The impact of our Geography curriculum is measured by:
- Skills demonstrated and clear objectives met in outcomes in books, evidencing children’s learning within the geography curriculum.
- The children’s ability to communicate their geographical knowledge and vocabulary.
- Children who are able to apply the skills they have learnt in the classroom to complete investigations and fieldwork.
- Children who are willing and able to discuss their place within the modern world and how their actions can have global effects.
- Passionate and committed children who have a love for geography and a real sense of curiosity about the world and the people who live in it.
As a school, we believe that part of fostering a love for learning is creating experiences and opportunities to apply knowledge beyond Geography lessons. Around the school building, we have displays exploring different time zones, Spanish vocabulary and ‘flag of the week’, linking us to our global neighbours. Part of appreciating our place in the world involves holding school-wide events for days of significance in other countries and cultures - celebrating the diversity we have here at Garden Suburb. Every class selects a ‘Language of the Week’ to be used each day, allowing children to share a little bit of their wider culture with their friends. Some children are even lucky enough to have pen pals in a school in Spain, who we love to learn from and share experiences with. We also like to consider the things that we can do, as a school, to make a positive impact on our world. We have a clothing recycling bank in the school playground and each year celebrate World Fairtrade Day to encourage conscientiousness around consumption. The school also has a Climate Committee who successfully implemented an ‘Anti-idling’ campaign to improve the air quality in our local area.
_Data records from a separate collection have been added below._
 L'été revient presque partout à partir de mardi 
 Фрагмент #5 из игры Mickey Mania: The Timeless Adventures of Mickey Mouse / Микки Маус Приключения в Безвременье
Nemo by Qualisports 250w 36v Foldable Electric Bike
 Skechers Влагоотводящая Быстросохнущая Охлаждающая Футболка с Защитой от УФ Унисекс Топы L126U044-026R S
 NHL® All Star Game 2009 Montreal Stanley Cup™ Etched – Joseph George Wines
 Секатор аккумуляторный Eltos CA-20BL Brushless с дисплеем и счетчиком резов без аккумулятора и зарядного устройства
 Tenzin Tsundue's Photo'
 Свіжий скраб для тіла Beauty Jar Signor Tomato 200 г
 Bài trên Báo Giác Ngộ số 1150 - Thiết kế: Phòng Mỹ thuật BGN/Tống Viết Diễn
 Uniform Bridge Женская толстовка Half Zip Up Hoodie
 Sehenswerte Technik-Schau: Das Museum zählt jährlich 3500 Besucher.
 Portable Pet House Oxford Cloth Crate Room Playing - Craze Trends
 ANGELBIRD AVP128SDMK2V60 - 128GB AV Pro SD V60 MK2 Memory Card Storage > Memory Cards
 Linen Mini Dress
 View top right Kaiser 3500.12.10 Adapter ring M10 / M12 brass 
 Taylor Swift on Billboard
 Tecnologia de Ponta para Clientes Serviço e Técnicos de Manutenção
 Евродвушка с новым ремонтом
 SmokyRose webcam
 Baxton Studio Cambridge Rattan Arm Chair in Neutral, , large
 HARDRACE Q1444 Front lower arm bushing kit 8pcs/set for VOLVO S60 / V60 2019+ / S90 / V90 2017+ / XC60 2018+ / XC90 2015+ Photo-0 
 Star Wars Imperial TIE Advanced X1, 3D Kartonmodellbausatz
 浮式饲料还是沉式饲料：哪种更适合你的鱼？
Class teachers use their experience of formative assessment techniques coupled with their knowledge of the children to evaluate each child’s understanding in relation to the lesson objective. Through this process, any gaps in learning are identified and action is taken when planning subsequent lessons to revisit the missed objective. Opportunities for the children to self-assess their work against clear success criteria are provided which encourages pupils to take an active role in their learning and identify any objective they are yet to achieve.